I started to learn to fly when I was eighteen. I had seven lessons. Then I stopped.
Over the decades since that time I often pondered why I didn’t continue. It was easy to blame lack of money, or time, but I had a niggling feeling that perhaps there was a serious deficiency in my psychological makeup, a lack of “moral fibre.” Perhaps I was just too chicken.
With this momentous existential question hanging over me for several decades (no doubt impeding my progress towards Nirvana), I decided to try again.

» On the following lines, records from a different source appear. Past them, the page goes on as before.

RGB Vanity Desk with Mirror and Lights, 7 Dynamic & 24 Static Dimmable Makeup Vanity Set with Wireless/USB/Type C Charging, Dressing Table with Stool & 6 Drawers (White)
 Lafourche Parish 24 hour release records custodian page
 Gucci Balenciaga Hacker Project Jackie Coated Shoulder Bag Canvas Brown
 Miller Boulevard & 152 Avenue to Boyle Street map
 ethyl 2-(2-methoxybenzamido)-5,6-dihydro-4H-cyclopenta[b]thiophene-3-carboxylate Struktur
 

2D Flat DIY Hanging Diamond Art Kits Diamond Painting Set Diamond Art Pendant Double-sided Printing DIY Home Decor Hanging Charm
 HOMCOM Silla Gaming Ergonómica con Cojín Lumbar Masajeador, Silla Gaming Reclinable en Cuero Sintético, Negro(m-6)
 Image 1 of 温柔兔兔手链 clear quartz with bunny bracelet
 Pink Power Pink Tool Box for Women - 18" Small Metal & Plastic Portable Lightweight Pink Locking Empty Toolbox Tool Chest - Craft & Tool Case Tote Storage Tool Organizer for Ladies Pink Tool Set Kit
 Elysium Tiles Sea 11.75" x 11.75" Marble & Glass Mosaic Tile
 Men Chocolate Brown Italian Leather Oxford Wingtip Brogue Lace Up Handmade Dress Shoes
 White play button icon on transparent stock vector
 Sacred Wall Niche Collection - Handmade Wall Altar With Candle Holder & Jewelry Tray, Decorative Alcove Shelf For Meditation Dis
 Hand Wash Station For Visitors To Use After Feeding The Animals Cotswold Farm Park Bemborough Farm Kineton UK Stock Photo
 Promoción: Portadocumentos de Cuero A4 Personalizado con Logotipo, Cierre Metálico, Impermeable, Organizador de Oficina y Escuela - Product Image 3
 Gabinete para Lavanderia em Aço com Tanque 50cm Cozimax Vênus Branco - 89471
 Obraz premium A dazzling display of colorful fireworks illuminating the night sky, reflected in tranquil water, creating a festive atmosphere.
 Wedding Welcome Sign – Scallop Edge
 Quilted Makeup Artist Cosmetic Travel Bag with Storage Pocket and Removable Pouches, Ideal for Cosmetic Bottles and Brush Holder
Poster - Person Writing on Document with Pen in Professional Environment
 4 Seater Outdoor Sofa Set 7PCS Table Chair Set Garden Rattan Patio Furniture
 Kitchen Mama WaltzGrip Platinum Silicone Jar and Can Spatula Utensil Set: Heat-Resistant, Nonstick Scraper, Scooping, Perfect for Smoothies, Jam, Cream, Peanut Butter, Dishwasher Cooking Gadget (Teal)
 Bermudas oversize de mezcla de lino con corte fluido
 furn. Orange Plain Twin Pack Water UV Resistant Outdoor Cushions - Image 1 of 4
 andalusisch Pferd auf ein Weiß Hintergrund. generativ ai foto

Flying instructors are renowned for their sanguine qualities. “Anyone can learn to fly” was often stated in my early days, a mantra not entirely comforting. Sometimes I felt I regressed with each lesson. Occasionally there was a glimmer of hope. I’ve never been a brilliant dancer and I often equated trying to land an aeroplane with executing (unfortunate choice of words) a fast waltz, whilst simultaneously doing that tummy rubbing-head-patting thing and whistling “Also Sprach Zarathustra.” All this done on ice, backwards, with my eyes shut.
Slow though my progress was, nevertheless, progress it was and as my hours mounted up, I began to realise that the day was approaching. The S word!
Instructors have this little ritual. For hours they sit beside their students, enduring the tedium of a procedure innocuously termed circuits. Here the student coerces the aircraft off the ground, steers a course around the airport and attempts to land correctly. Then, without stopping, the aircraft is again persuaded to take off and the whole manoeuvre is repeated and repeated.
Back to the ritual. Something alerts the instructor that perhaps the student is capable of doing a circuit alone, with a reasonably good probability that the aircraft will be still flyable afterwards. Possibly it happens when the student recites correct landing checks rather than the Lord’s Prayer, or it could be that the latter’s deodorant is ineffectual. Whatever the motivation, the instructor waits until the aircraft has touched down and instead of uttering, “full power,” it’s “stop here and I’ll get out.”
Get out? We’re in the middle of the runway! Arrggh it can’t be!
For me, after an initial feeling that I wasn’t ready, a feeling of detachment came over me and then, as I lined up, a huge sense of euphoria. The control tower operator, who had been let in on the idea that a student was to be let loose in his domain, told me to “hold.”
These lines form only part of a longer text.